It all boils down to personal financial management.  If a member can control their spending and make deposits into their savings for those little emergencies in life, then there is no problem with the current system.  Changing the system, to bi-weekly with less pay, will not solve the personal financial problems faced by those who can not learn to budget their earnings.


----------



## Bruce Monkhouse (18 Aug 2013)

George Wallace said:
			
		

> 1.  If they can't manage their money now, how can less time (bi-weekly) and less money make up for that?



By the same reasoning that if your dog eats everything you put in his/her bowl at one time then you spread out the feedings throughout the day, less food more often.



			
				George Wallace said:
			
		

> 2.  They will still likely face the same Christmas/New Years pay situation where all their Dec and part of Jan pay goes into the bank.  This will now cover three to four pay periods as opposed to two.  Again, if they could not manage their money before, how will they manage with the three pay period break?

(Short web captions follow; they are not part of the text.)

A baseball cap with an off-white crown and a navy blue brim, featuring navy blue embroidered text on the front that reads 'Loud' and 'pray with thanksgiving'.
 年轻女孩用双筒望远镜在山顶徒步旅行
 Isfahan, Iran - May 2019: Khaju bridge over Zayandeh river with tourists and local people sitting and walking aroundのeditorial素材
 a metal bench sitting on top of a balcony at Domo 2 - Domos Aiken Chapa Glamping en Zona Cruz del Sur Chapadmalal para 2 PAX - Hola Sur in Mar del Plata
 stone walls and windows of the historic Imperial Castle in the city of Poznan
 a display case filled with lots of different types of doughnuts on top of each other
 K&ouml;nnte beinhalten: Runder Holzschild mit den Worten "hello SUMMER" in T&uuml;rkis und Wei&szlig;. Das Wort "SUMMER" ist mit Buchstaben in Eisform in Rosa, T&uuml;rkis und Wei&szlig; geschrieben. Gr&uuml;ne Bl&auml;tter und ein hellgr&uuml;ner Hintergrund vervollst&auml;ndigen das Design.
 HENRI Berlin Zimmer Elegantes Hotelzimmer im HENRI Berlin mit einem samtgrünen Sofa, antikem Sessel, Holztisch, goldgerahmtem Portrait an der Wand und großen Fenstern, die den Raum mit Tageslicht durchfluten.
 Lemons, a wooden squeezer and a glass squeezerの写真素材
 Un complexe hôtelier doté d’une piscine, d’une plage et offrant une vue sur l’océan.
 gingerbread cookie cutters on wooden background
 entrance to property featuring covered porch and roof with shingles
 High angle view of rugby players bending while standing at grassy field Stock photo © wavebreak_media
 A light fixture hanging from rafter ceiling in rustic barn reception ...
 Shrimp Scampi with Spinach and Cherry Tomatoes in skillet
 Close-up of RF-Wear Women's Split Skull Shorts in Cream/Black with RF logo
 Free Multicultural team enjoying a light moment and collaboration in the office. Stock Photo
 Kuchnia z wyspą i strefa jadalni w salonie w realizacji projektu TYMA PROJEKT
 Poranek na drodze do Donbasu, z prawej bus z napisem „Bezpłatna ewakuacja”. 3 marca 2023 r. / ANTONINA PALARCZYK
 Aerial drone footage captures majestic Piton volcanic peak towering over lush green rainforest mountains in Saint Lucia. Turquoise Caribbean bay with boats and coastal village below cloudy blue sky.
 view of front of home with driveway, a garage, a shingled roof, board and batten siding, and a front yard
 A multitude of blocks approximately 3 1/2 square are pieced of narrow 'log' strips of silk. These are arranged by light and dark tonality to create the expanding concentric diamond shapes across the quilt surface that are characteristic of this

So why do this??.......I just had 5 weeks off and I didn't get paid in advance.  Pays should be pays............things were different when you almost had to go to YOUR bank and YOUR branch to get money but those days are long gone.


----------



## armyvern (18 Aug 2013)

It's been a long time since I got double-paid in mid-December.  This still occurs in the ResF pay system?


----------



## kratz (18 Aug 2013)

No it does not.


----------



## armyvern (18 Aug 2013)

Thanks Kratz ...

I have no clue what George is talking about with his #2 point down below then.  So, I'll go pour myself another java ...


----------



## Bruce Monkhouse (18 Aug 2013)

I'm confused then,...what was George talking about??
[bearing in mind my last army pay was 1988]


----------



## armyvern (18 Aug 2013)

Bruce Monkhouse said:
			
		

> I'm confused then,...what was George talking about??
> [bearing in mind my last army pay was 1988]



Dinosaur!!

Mt first pay was in 1988.


----------



## Bruce Monkhouse (18 Aug 2013)

ArmyVern said:
			
		

> Dinosaur!!



Anytime ya' want to go for a run girl............... :king:


 :nana:


----------



## armyvern (18 Aug 2013)

Bruce Monkhouse said:
			
		

> Anytime ya' want to go for a run girl............... :king:
> 
> 
> :nana:



Any day.  We'll do a mixed session of run/rucksack.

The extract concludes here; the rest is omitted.